Chapter 13 #2
Erik’s instructions aren’t laminated and bound, but they are in a three-ring binder with dividers and sheet protectors.
“I was close,” he mutters to Bianca as Adam shows them, one more time, exactly how to warm up the twins’ bottles in the bottle warmer (insert bottles, press button, wait until the machine beeps, remove bottles).
Bianca’s got one of the boys, Logan, in her arms while Erik is changing the other, Nathan, before they leave.
“They only need one more feed tonight before they go to bed,” Adam says for the third time, “and they’ve been pretty good at sleeping through the night, at least for the last week or so. We just changed them, so they should be good diaper-wise until it’s time for bed.”
Erik takes a deep breath to cut in. “Which is at . . .”
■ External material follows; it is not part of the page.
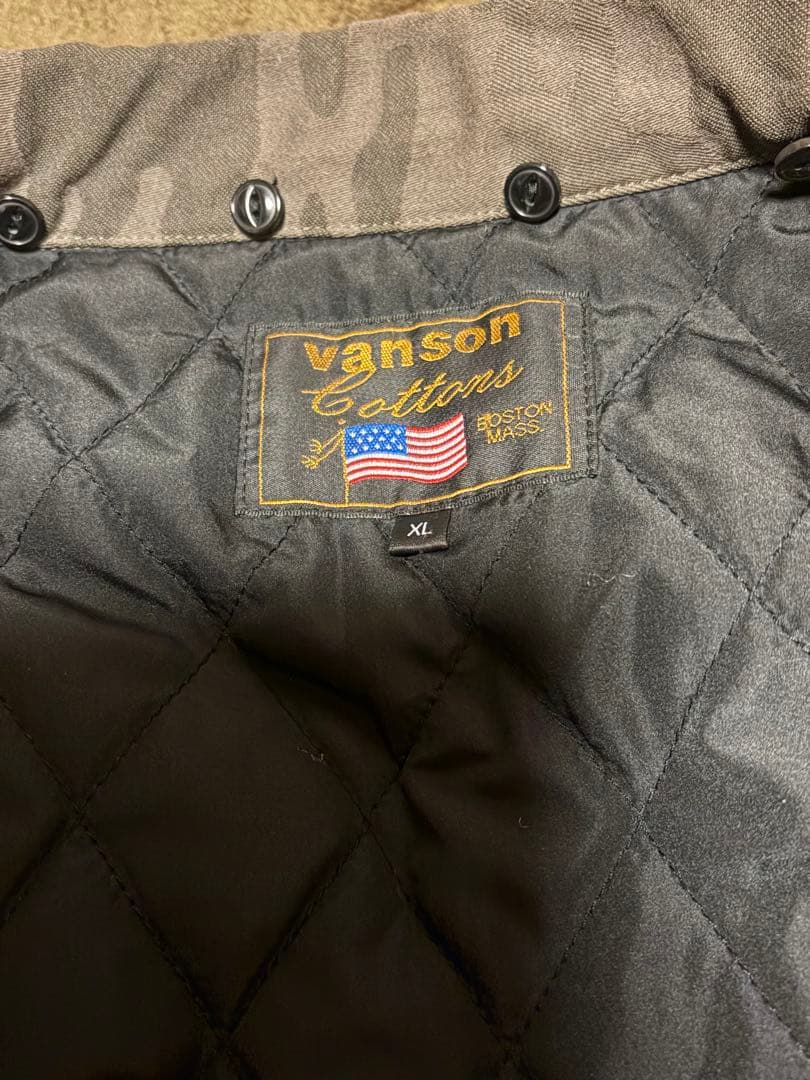 VANSON カモフラ ブルゾンジャケットXL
“Seven,” Bianca finishes for her friend. “I love you both so much, but I used to watch Alec all the time when he was an infant. I’m good and I’ve got an extra set of hands. Go, please, before you never get out the door.”
A half hour, more instructions, and half a dozen just one more goodbyes for the babies (mostly for their dads) and Erik and Adam are in the car, driving away from their West Hollywood duplex.
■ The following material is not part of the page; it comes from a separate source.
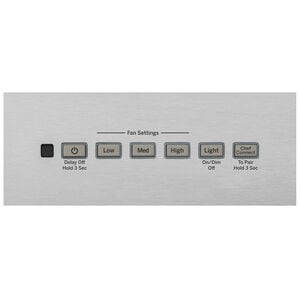 GE 36 in. Convertible Chimney Style Range Hood with 350 CFM, 4 Fan Speeds & 2 LED Lights - Stainless Steel, , hires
And as soon as the door closes behind them, the babies start bawling. Right, that’s why Adam was warming up the bottles.
“Shit,” Bianca curses, lifting one – Logan, Xavier thinks – into her arms. “Can you grab Nate?”
“Uh . . .” He hesitates, not remembering the last time he held a baby.
“Just lift him under his arms and hold him against your chest. He can support his own head.”
He follows her lead, and while it feels like Nathan might squirm right out of his hands and fall the nearly six feet down to the ground, he carefully rests him against his chest, a hand naturally falling to the tiny back to keep him close.
Nathan doesn’t stop crying exactly, but it’s more a whimper now, a snotty, wet whimper that leaves behind a spot on his t-shirt.
Bianca wrinkles her nose as she grabs a bottle and motions him to sit down.
Xavier tries to shrug with the baby in his arms and fails, but he says, “Way worse things have happened to way nicer shirts.”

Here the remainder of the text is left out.